Exercise requirements:
Where the listing shows an image, skip it and output all other material unchanged.

Input data:

________________________

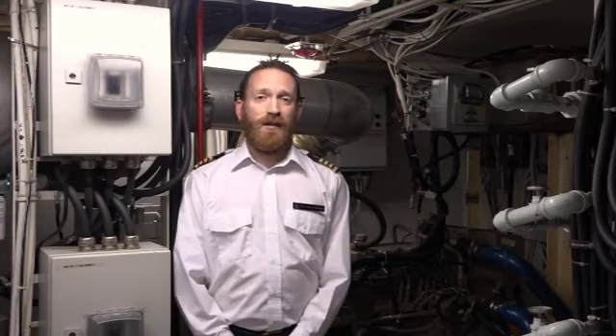Hello everyone, I'm Captain Ryan O'Rourke, and we're in the engine room on the Motor Vessel Explorer. There are many things that make Explorer unique, one of which is its serial diesel electric hybrid propulsion system, and today I'd like to show that to you.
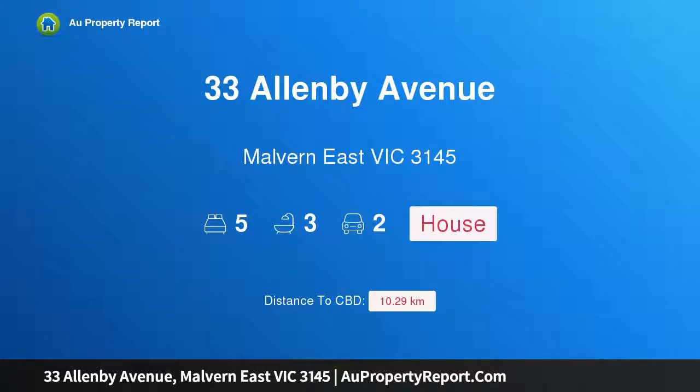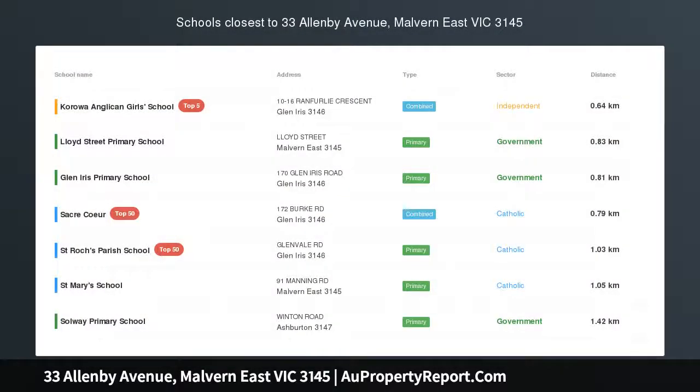I am glad to introduce Property 33 Allenby Avenue, Melbourne East Victoria, 3145.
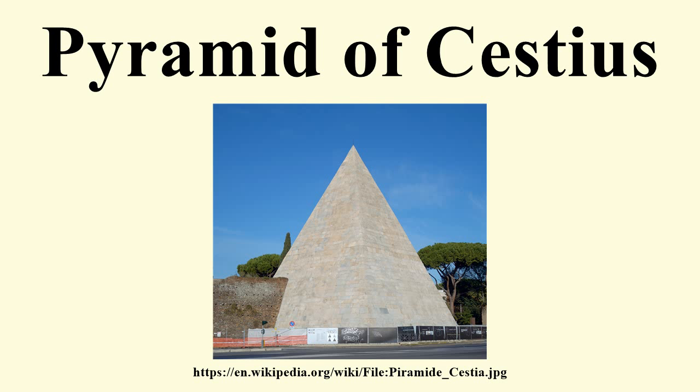Below the inscription on the east-facing side is a second inscription recording the circumstances of the tomb's construction. It reads: the work was completed, in accordance with the will, in 330 days, by the decision of the heir, Lucius Pontus Mela, son of Publius of the Claudia, and Pothis. A further inscription on the east face is of modern origins, having been carved on the orders of Pope Alexander VII in 1663, commemorating excavation and restoration work carried out in and around the tomb between 1660 and 1662.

________________________

Response to the task:
Hello everyone, I'm Captain Ryan O'Rourke, and we're in the engine room on the Motor Vessel Explorer. There are many things that make Explorer unique, one of which is its serial diesel electric hybrid propulsion system, and today I'd like to show that to you.
I am glad to introduce Property 33 Allenby Avenue, Melbourne East Victoria, 3145.
Below the inscription on the east-facing side is a second inscription recording the circumstances of the tomb's construction. It reads: the work was completed, in accordance with the will, in 330 days, by the decision of the heir, Lucius Pontus Mela, son of Publius of the Claudia, and Pothis. A further inscription on the east face is of modern origins, having been carved on the orders of Pope Alexander VII in 1663, commemorating excavation and restoration work carried out in and around the tomb between 1660 and 1662.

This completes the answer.